Day: 15 November 2022
How to read a formal document
David Allen Green – The Law and Policy Blog
Words provide powerful tools. They can be used to make things clear and they can be used to obfuscate. They can reveal what their author is thinking and wants you to think – and sometimes they can reveal more than the author intends. Some words are quite casually written, even with though with serious purpose, but often words are written with great care and deliberation to communicate an intended message very precisely – though sometimes that intention is to leave an impression in the reader’s mind which is at some distance from the facts of whatever is being described. Omission and misdirection are as present as clear exposition.
Being able to parse carefully constructed documents is a core skill in understanding political systems and actions (and not only those, of course). In the days when that was pretty much all anybody had to go on in trying to understand the politics of the Soviet Union, the art of textual interpretation at a distance was known as kremlinology. I was trained in that art long ago, grappling with long and turgid speeches by politburo members reproduced in the pages of Pravda, to find the one nugget which was new or pointed to a possible change of priorities or direction, to be found with odd consistency somewhere around two thirds of the way through.

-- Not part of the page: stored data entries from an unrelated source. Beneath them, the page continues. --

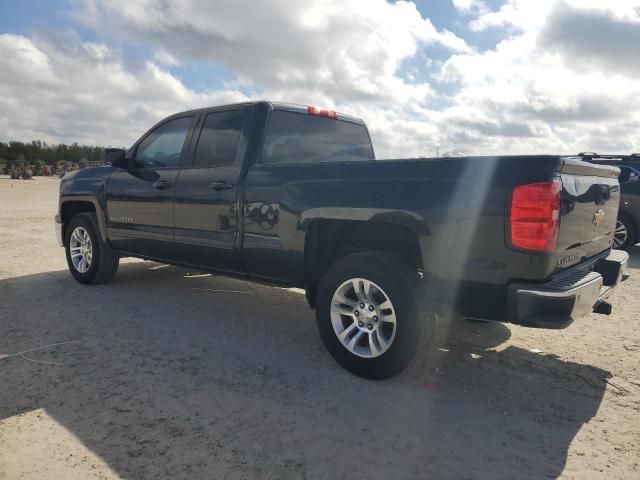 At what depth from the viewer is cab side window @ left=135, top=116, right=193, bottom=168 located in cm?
489

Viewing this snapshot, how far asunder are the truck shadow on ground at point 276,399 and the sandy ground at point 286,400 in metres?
0.01

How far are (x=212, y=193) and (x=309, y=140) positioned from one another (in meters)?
1.03

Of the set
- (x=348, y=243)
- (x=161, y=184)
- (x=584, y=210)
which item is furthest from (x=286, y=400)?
(x=161, y=184)

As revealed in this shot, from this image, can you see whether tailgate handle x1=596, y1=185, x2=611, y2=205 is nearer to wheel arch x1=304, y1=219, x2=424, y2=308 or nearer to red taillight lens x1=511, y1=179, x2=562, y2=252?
red taillight lens x1=511, y1=179, x2=562, y2=252

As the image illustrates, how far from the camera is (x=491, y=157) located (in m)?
2.84

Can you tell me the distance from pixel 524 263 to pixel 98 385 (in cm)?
275

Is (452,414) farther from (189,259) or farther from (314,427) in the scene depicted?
(189,259)

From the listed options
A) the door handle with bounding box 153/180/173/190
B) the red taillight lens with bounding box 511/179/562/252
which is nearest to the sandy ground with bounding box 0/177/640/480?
the red taillight lens with bounding box 511/179/562/252

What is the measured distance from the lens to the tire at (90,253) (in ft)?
18.8

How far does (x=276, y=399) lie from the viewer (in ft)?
10.0

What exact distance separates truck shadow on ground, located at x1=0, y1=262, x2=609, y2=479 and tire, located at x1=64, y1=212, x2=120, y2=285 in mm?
982

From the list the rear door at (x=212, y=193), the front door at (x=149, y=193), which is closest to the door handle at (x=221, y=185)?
the rear door at (x=212, y=193)

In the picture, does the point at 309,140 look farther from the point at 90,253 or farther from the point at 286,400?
the point at 90,253

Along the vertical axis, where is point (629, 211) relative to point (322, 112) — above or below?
below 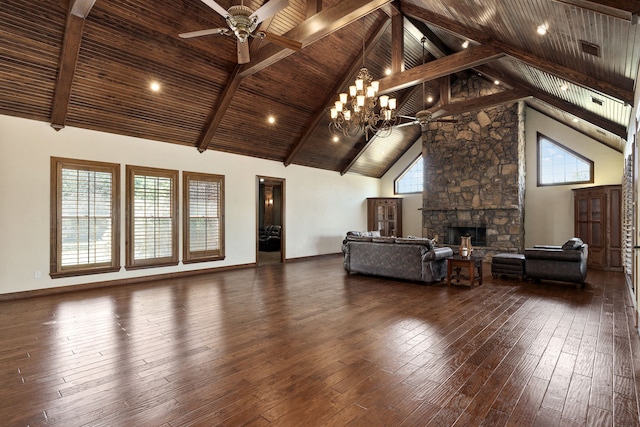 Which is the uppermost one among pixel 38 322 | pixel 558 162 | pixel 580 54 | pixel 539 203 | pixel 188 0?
pixel 188 0

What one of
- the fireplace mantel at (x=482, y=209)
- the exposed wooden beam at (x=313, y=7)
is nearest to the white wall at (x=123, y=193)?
the fireplace mantel at (x=482, y=209)

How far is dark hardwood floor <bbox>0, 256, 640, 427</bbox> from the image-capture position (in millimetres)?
2139

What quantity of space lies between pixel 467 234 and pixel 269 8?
852 cm

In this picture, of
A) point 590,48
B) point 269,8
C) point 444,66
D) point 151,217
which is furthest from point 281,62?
point 590,48

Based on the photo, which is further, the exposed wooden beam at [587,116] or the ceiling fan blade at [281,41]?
the exposed wooden beam at [587,116]

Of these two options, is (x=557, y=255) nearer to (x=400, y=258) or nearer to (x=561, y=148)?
(x=400, y=258)

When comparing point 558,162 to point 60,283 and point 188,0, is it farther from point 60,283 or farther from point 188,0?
point 60,283

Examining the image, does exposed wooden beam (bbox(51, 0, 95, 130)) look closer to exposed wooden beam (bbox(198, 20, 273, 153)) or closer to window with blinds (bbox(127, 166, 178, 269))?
window with blinds (bbox(127, 166, 178, 269))

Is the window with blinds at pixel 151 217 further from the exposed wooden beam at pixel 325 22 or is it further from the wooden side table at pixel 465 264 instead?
the wooden side table at pixel 465 264

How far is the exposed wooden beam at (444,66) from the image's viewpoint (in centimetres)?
548

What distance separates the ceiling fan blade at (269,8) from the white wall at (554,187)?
8807 millimetres

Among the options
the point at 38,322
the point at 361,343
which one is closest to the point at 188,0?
the point at 38,322

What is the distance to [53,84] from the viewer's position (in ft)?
17.1

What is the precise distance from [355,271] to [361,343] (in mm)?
3947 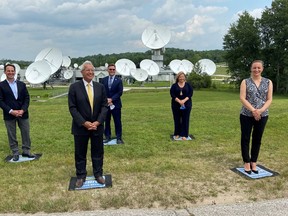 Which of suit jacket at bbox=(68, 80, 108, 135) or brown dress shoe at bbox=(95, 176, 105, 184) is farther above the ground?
suit jacket at bbox=(68, 80, 108, 135)

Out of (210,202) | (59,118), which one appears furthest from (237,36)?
(210,202)

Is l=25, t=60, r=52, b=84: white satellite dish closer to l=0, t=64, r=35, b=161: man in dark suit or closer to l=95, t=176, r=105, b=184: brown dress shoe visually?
l=0, t=64, r=35, b=161: man in dark suit

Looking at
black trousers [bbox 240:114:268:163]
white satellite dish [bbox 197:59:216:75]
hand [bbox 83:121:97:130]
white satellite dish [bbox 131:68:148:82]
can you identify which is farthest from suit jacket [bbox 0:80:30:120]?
white satellite dish [bbox 131:68:148:82]

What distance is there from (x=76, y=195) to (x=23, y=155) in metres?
2.84

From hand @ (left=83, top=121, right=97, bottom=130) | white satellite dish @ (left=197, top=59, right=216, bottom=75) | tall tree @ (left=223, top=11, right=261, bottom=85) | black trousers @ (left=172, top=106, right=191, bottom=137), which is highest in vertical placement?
tall tree @ (left=223, top=11, right=261, bottom=85)

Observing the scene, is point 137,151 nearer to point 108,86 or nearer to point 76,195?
point 108,86

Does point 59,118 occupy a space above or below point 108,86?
below

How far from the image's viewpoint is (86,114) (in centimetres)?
520

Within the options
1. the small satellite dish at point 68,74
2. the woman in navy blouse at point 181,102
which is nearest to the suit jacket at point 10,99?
the woman in navy blouse at point 181,102

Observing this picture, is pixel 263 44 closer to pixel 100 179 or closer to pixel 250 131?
pixel 250 131

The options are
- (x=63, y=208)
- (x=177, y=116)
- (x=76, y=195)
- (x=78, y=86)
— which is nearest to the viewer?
(x=63, y=208)

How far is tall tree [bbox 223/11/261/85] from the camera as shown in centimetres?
4791

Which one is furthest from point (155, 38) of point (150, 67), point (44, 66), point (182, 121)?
point (182, 121)

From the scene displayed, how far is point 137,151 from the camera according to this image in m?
7.46
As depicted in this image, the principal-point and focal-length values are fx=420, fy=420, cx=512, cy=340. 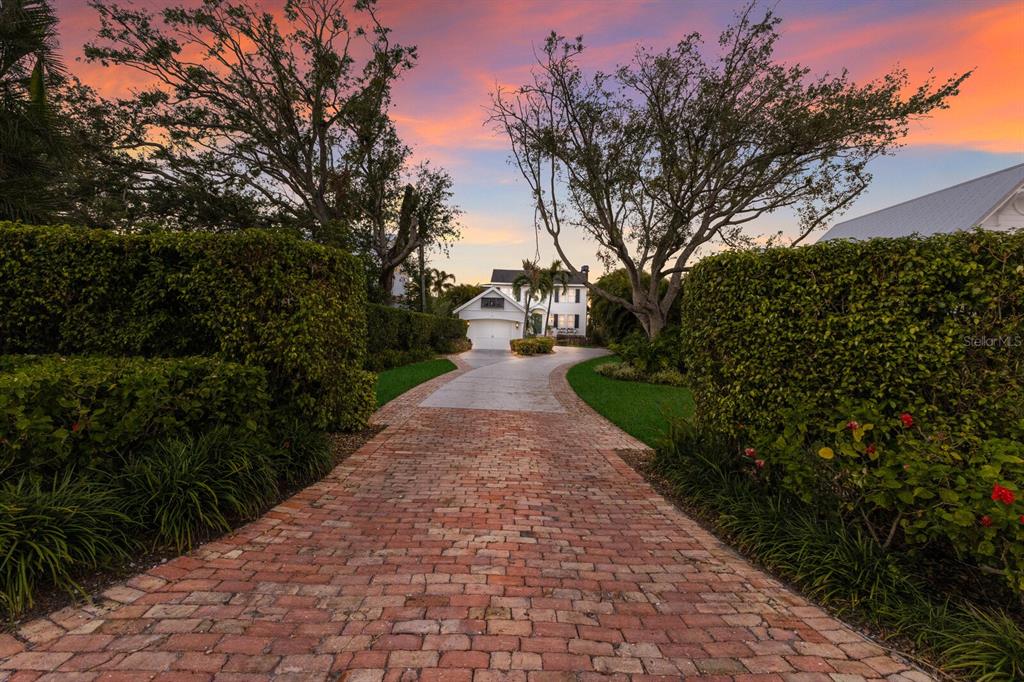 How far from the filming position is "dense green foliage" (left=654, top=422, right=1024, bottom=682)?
2055 millimetres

This post provides an expert tutorial in interpretation for slightly easier circumstances, but with no less need of close attention to detail. The two basic rules it sets out apply with equal power to any formally constructed political document, whether that is a Soviet speech or a British ministerial letter. The first rule is to identify what is there and understand why it is there. The second rule is to identify what might have been there but isn’t and consider why it is not. There’s a bit more to it than that – and the whole post is well worth reading – but the simple application of those rules is enough to provide more insight than a less questioning reading can do.